Robert Stone’s flair for the apocalyptic thriller is in full view in Damascus Gate, which ended up a finalist for the National Book Award for Fiction in 1998. One of the central characters is Raziel Melker, a multi-instrumentalist who trains at Berklee before getting taken up in a plot filled with international intrigue and religious conspiracy.


3. Darpocalypse, Joseph Souza (Permuted Press, 2013)

Speaking of apocalyptic thrillers, ever wonder what the Berklee Performance Center (BPC) might look like after a zombie apocalypse? Look no further than the second installment of Maine writer Joseph Souza’s Living Dead trilogy, which includes the ghost character Annabelle, who, before said zombie apocalypse, studied piano on a full-ride Berklee scholarship. In one scene, Annabelle, who’s able to walk amongst the undead without fear, visits a ravaged BPC and plays Rachmaninoff’s Second Piano Concerto for an audience of aisle-wandering zombies.  


4. Anthropology of an American Girl, Hilary Thayer Hamann (Spiegel & Grau, 2010)

Hamann’s hyperliterate and ambitious first novel features Jack, a Berklee-bound friend of the protagonist, but music weaves its way all throughout the book. From Muddy Waters to the Cars and Al Green to the Smiths, song lyrics play an associative but key role in the lives of the characters. 


5. Infinite Jest, David Foster Wallace (Little, Brown and Company, 1996)

Clocking in at almost 1,100 pages—hundreds of which take the form of tiny-font-sized labyrinthine footnotes—Infinite Jest's whip-smart author stands to be seen as one of our era’s literary titans. And even though Berklee only gets a passing mention on page 477, and even though the otherwise encyclopedic Wallace refers to the school by its former name—Berklee School of Music—hey, we’ll take it if it means gracing the pages of such a literary heavyweight.
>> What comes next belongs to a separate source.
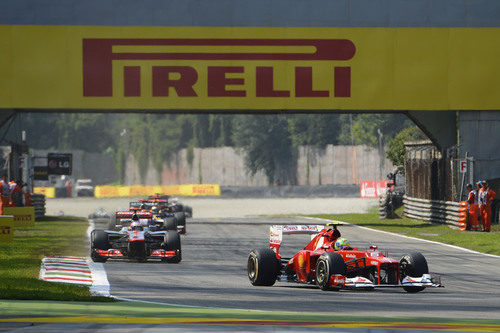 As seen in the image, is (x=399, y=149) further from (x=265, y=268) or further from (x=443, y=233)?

Check out our entry in a fan-made map-rendering of Wallace's fictional Boston.


6. Paradise Park, Allegra Goodman (Dial Press, 2001)
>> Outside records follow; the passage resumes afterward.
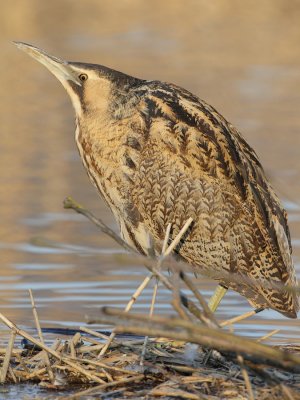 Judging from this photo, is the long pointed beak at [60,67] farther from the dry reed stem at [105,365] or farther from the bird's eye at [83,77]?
the dry reed stem at [105,365]

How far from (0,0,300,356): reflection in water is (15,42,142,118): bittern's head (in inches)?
30.2

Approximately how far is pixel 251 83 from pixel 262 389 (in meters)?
12.7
The Boston area often frequents the pages of acclaimed short story writer and novelist Allegra Goodman’s books. Her latest novel, The Chalk Artist, for instance, regales the story of Colin James, who scrawls on the streets of his Cambridge home in the titular chalk. In Paradise Park, the Boston-born protagonist Sharon Spiegelman embarks on a wild spiritual quest in which she encounters a folk dancer, a Buddhist mentor, and a Berklee-trained pianist.


7. The Unwalled City, Xu Xi (Chameleon Press, 2001)
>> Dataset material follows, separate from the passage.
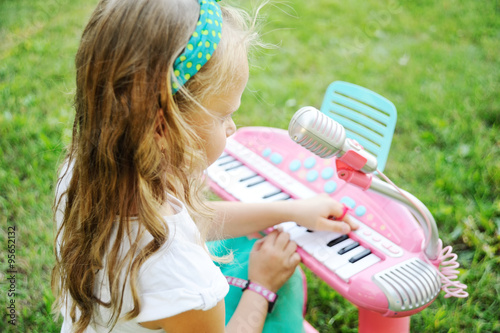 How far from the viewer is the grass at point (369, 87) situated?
1.68m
Despite the fact that The Unwalled City’s subtitle is “A Novel of Hong Kong,” celebrated novelist Xu Xi draws on her multicultural experience living, as she says, “in the flight path between Hong Kong and New York,” to create characters far flung from the novel’s primary setting. Within that path, a love story grows ever more complicated when one character, Michael, gets accepted to Berklee and wrestles with the decision to move to Boston and pursue his jazz dreams.


8. Jam, Alan Goldsher (The Permanent Press, 2002)

To get an idea of Alan Goldsher’s writing style, you needn’t look further than the first line of his bio: “Alan Goldsher is the author of the acclaimed Beatles/horror remix novel, Paul Is Undead: The British Zombie Invasion…” And while you won’t find any undead Liverpudlians in Jam, you will meet jazz trumpeter Gabriel Baston, whose roommate at Berklee claims to be Miles Davis’s fifth cousin.


9. Make Him Look Good, Alisa Valdes B.M. ‘92 (St. Martins Press, 2006)

While Matthew Baker, the secret musical genius behind a rising pop star in Make Him Look Good, learned his craft at Berklee, the college connection transcends the fictional universe. Before embarking on a varied and decorated career as a journalist, film producer, and best-selling author, Valdes got her start as a Berklee student studying jazz composition and tenor sax. Read an interview with Valdes from 2010.


10. Four Past Midnight, Stephen King (Viking, 1990)

Yep, even the reigning king of horror himself has written Berklee into his pages. In this Bram Stoker Prize-winning 1990 collection of four novellas, the supernatural airplane thriller The Langoliers features Albert Kaussner, a “not-quite” violin prodigy en route to study at Berklee. In the made-for-TV version of the story, the reference gets shortened to “a school in Boston,” but it’s okay—this is the same miniseries that tried to make Bronson Pinchot (yes, that Bronson Pinchot) scary.